Artisti di San Donà

Vittorio Marusso - pittore (1867-1943)

Nacque il 17 giugno 1867 da una famiglia di scarse possibilità economiche. Fu avviato allo studio della pittura dopo che nell'ambiente scolastico fu rilevata la sua naturale propensione per l'arte figurativa, grazie anche al contributo del Comune. Infatti fu proprio l'Amministrazione Comunale d'allora, con un proprio provvedimento, a erogare un contributo attraverso il quale fu possibile avviare il giovane artista a frequentare l'Accademia di Belle Arti di Venezia.
A 16 anni si trasferì a Venezia e si iscrisse al Regio Istituto di Belle Arti, dove ottenne "per meriti speciali di vocazione artistica" la possibilità di studiare gratuitamente, vivendo ogni anno di borse governative. I maestri che incontrò nel corso degli studi (Pompeo Molmenti, Ettore Tito, Ludovico Cadorin e altri) espressero giudizi positivi sulle sue notevoli qualità di disegno, pittura a olio e capacità di trattare la figura.

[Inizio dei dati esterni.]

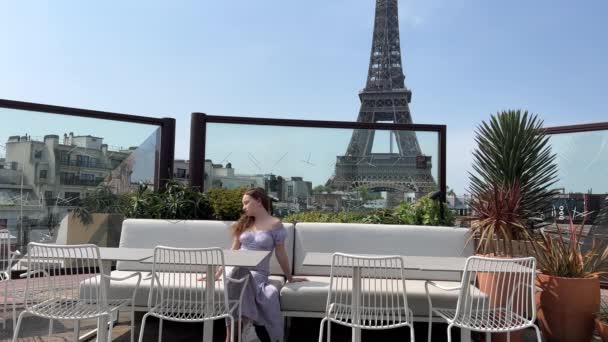 Egy szép hajú lány ül egy hosszú, gyönyörű ruhában az Eiffel-torony háta mögött, szöveges szöveggel egy étteremben, kilátással az Eiffel-toronyra. Hátradől az ülésre. — Stock videók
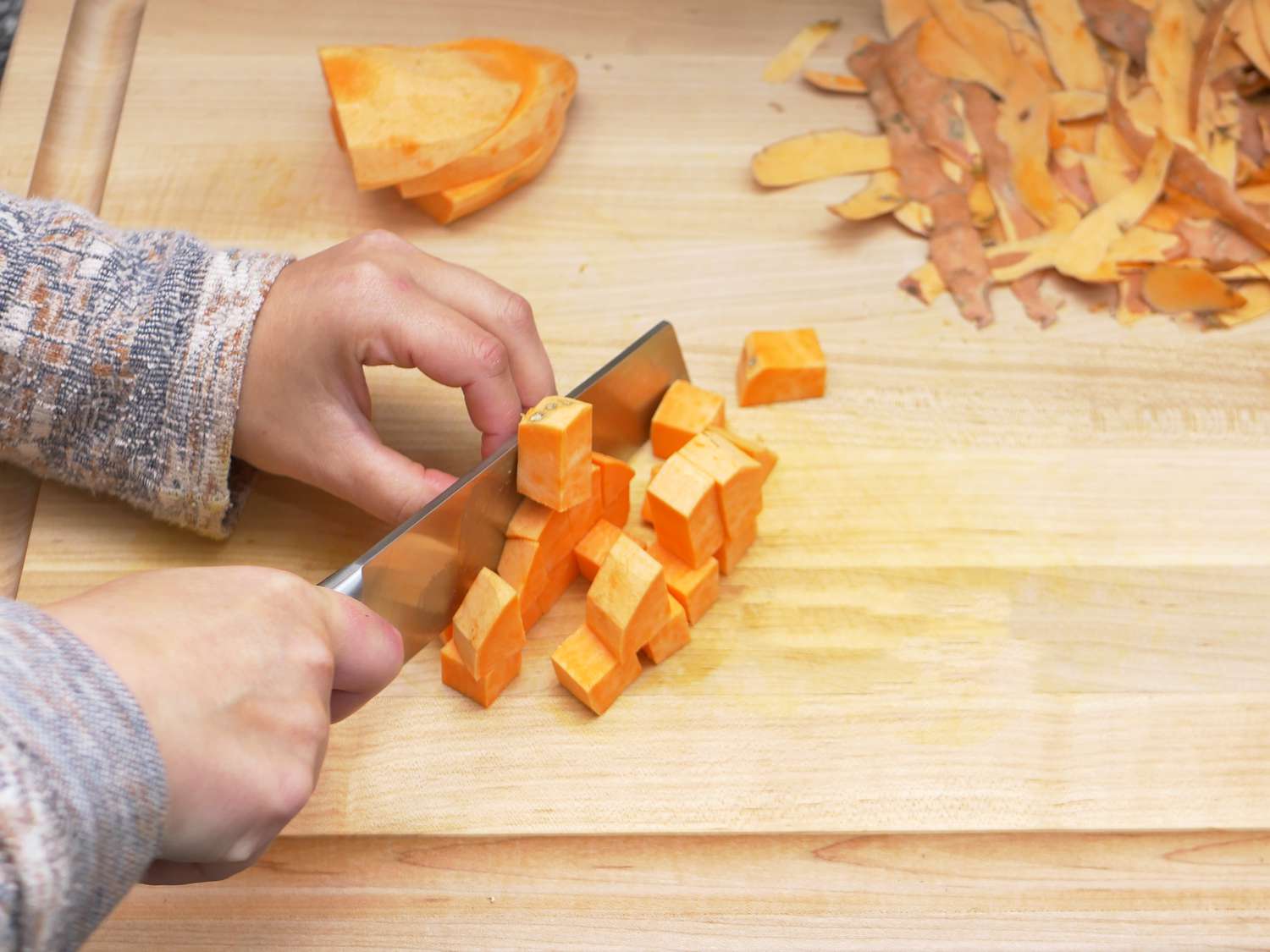 the cangshan knife chopping a sweet potato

Avrebbe avuto senza dubbio maggiori riconoscimenti e la possibilità di grandi affermazioni, se la sua educazione artistica non fosse stata interrotta da un grave difetto della vista, che lo costrinse ad abbandonare Venezia per tornare a San Donà di Piave. Portò con sé le medaglie, i premi, le menzioni onorevoli conferitegli “per voto collettivo” dalle Commissioni esaminatrici dell'Istituto negli anni scolastici che vanno dal 1882/83 al 1886/87.

A destra e sotto: Alberi
Ancora più sotto: Filare di Alberi

Tra la innumerevole produzione di Vittorio Marusso, vanno ricordate le pale d'altare che si trovano nelle chiese di Musile di Piave, di Passarella di Sotto, di Montemagré di Schio, nella cappella dell'Orfanotrofio di San Donà di Piave, ecc.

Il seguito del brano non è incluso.